Chapter 1.5
Sepasang manik delima itu menjauhkan pandangan kepada suasana pagi dari dalam kamar di sebuah hotel di Oakland, California, Amerika Serikat. Kamarnya menghadap kepada kolam renang hotel, sehingga Kirika tak mendapati banyak orang yang berlalu lalang selain para pelayan di sana. Kemudian ia menerawang jauh menuju kota.
Ketukan pintu kamar mengundangnya mengerling. Segera ia memerintahkan pelayan masuk untuk menyajikan sarapan untuknya di meja. Seusai pelayan pergi, Kirika menghampiri meja untuk memeriksa makanannya.
Hal yang pertama wanita itu lakukan adalah menuangkan teh ke cangkir, kemudian menghirup uap yang mengepul dari sana. Ketika hendak meneguk beberapa, ia mendapati ponselnya yang bergetar di atas nakas. Lantas ia mengibaskan tangan untuk mengangkat panggilan serta mengaktifkan speaker yang lebih keras.
"Bagaimana?"
"Profesor Radiovalenka sudah mendapatkan alamatnya. Kami akan segera berkunjung ke sana setelah makan siang."
"Baguslah. Kuharap hasilnya tidak mengecewakan," tanggap Kirika.
Kirika meletakkan cangkir teh yang sudah habis setengah isinya. Sementara ia baru menghampiri ponselnya setelah panggilan mati. Dia mendapatkan sebuah pesan. Seulas senyum samar terpatri seusai manik selesai membaca.
"Selagi aku di sini, sepertinya tidak ada salahnya mengunjungimu juga ...."
~*~*~*~*~
Di sebuah kompleks yang tenang dan damai, beberapa penghuninya tengah bersiap-siap untuk membereskan rumah seusai mengantarkan anaknya ke sekolah. Kadang-kadang terlihat satu atau dua orang yang memenuhi trotoar, sementara dalam rentang setengah jam ada kendaraan yang melintas. Entah akan keluar atau masuk ke dalam perumahan, bertegur sapa kepada siapa pun yang mereka lihat.

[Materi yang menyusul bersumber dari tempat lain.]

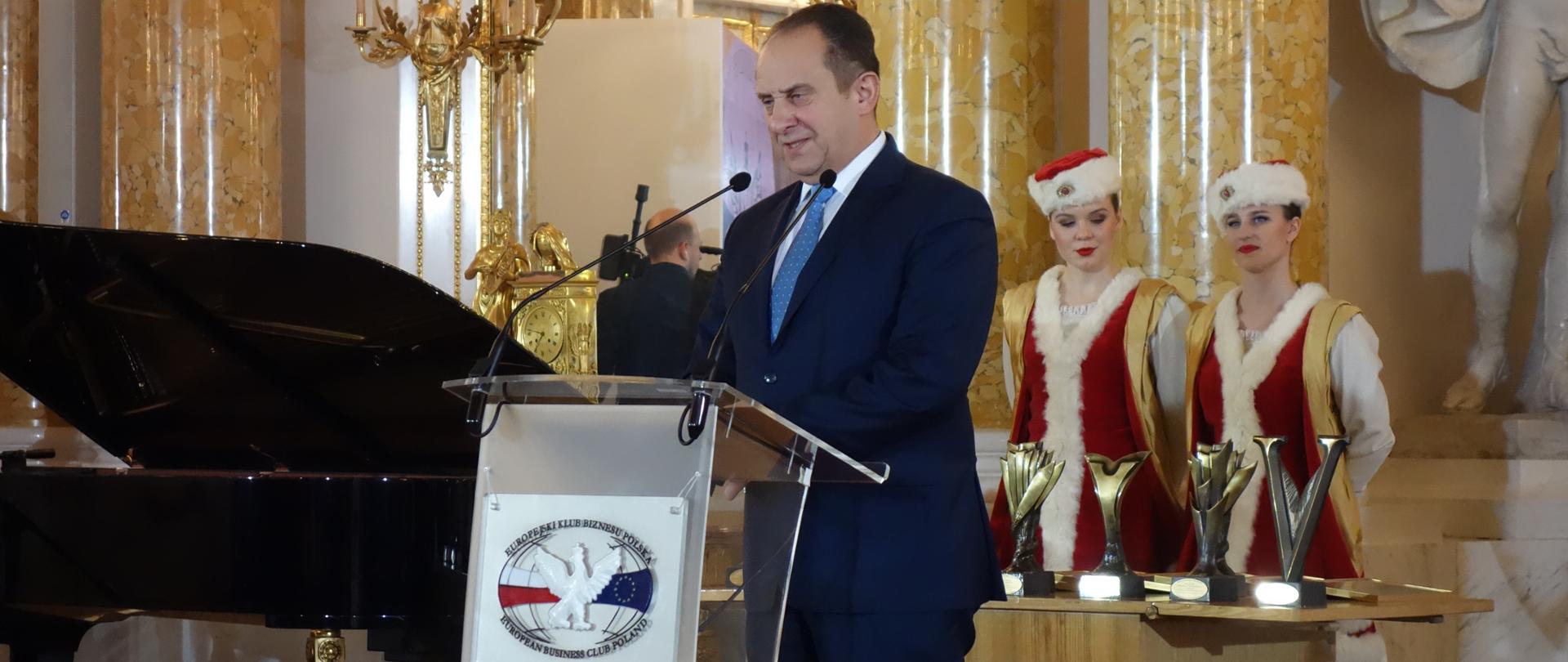 minister stoi przy mównicy, w tle statuetki nagród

Beralih kepada sebuah rumah sederhana, di mana tampak dua orang pemuda di dalam garasi yang mereka jadikan bengkel kecil di sana. Salah seorang dari mereka baru saja menyapa seorang bibi tetangga yang lewat, kemudian kembali melanjutkan kegiatannya. Tak lama seorang bocah dengan sepeda roda tiga datang menghampirinya.
"Selamat pagi, Timmy," sapanya.
"Pagi, Daniel! Apa kalian sedang bekerja untuk membuat jet lagi?!" tanya bocah itu, tampak sangat antusias dengan manik keabuannya yang berbinar-binar.
"Err ... yah ... kupikir begitu?" balas Daniel seadanya. "Omong-omong, aku sudah membuatkan sayap untuk sepedamu. Mau coba sekarang?"
"Wow ... kau benar-benar membuatkannya?! Tunjukkan padaku, tunjukkan padaku!!"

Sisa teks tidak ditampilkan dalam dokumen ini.